**WORK INSTRUCTIONS:** Please retype all of the entries that follow, leaving the images out.

Items from a dataset:

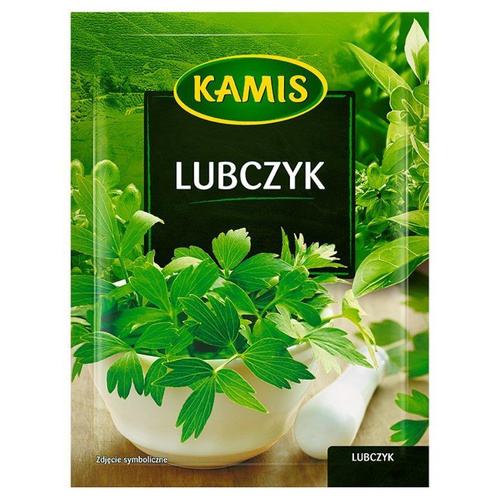 Kamis Lovage for Broths Meat and Rice 8g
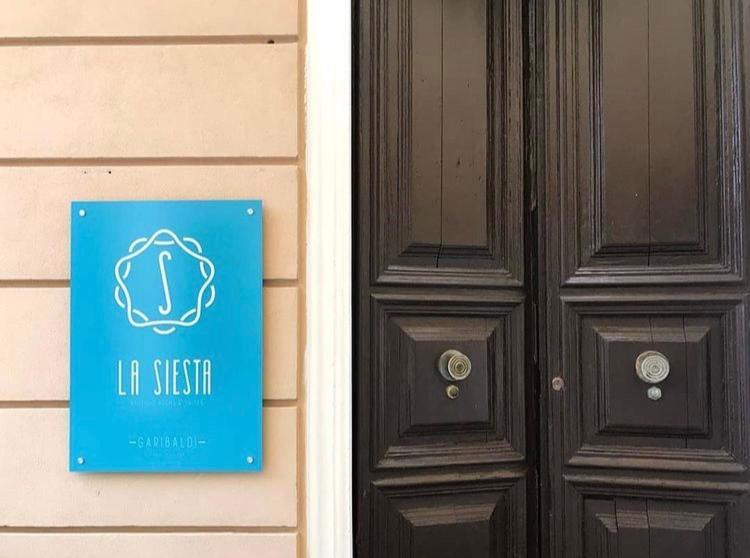 La Siesta Hotel La Maddalena  Exterior foto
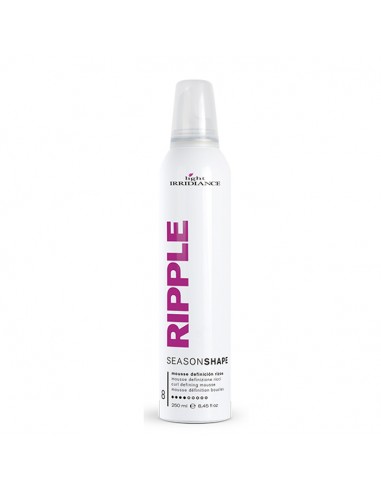 Espuma Rizos Ripple 250 ml Light Irridiance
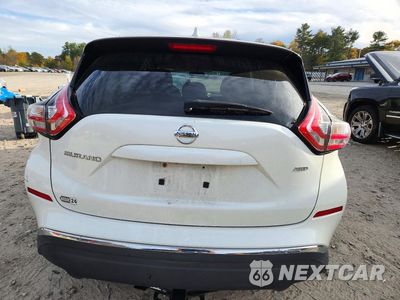 Zdjęcie 6 z 13 samochodu: 2016 NISSAN MURANO S VIN:5N1AZ2MH2GN160900 - miniatura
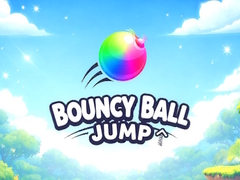 Παιχνίδι Bouncy Ball Jump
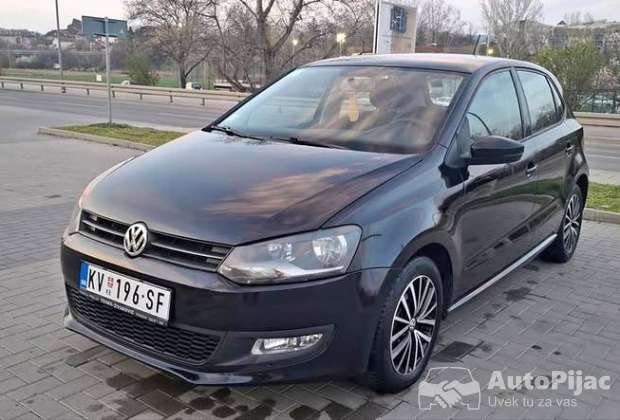 Volkswagen.Polo..1.2.TDI.58.kw.75.ks..2011/12. God5150.e.Moze Zamena!!!!Vlasnik...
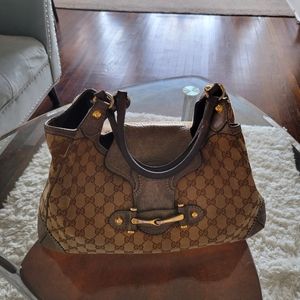 Authentic Gucci Handbag..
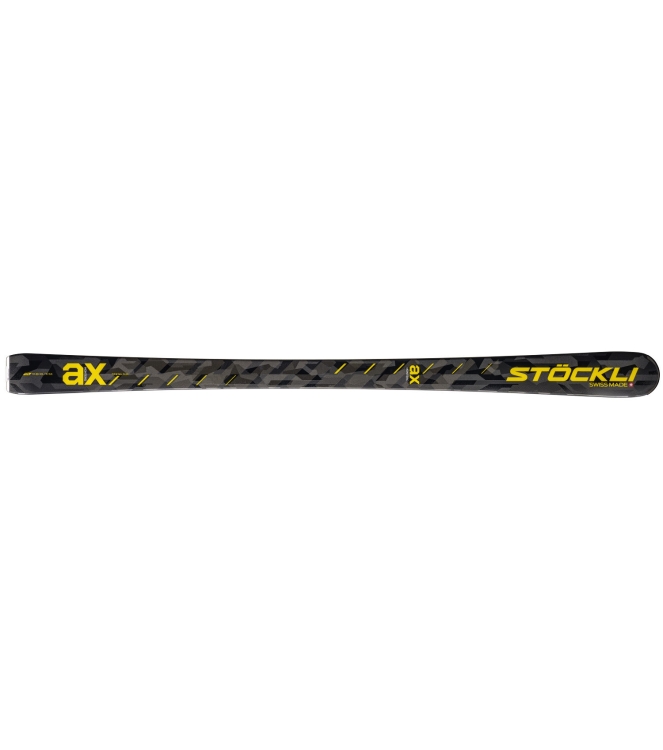 Stöckli Stöckli Montero AX Ski strive 13 d binding 41050328-20 Strive 13 D binding Stöckli ski 41050328-20 groen bij Leerentveldvrijetijd.nl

**ANSWER FOR THE TASK:**
 Kamis Lovage for Broths Meat and Rice 8g
 La Siesta Hotel La Maddalena  Exterior foto
 Espuma Rizos Ripple 250 ml Light Irridiance
 Zdjęcie 6 z 13 samochodu: 2016 NISSAN MURANO S VIN:5N1AZ2MH2GN160900 - miniatura
 Παιχνίδι Bouncy Ball Jump
 Volkswagen.Polo..1.2.TDI.58.kw.75.ks..2011/12. God5150.e.Moze Zamena!!!!Vlasnik...
 Authentic Gucci Handbag..
 Stöckli Stöckli Montero AX Ski strive 13 d binding 41050328-20 Strive 13 D binding Stöckli ski 41050328-20 groen bij Leerentveldvrijetijd.nl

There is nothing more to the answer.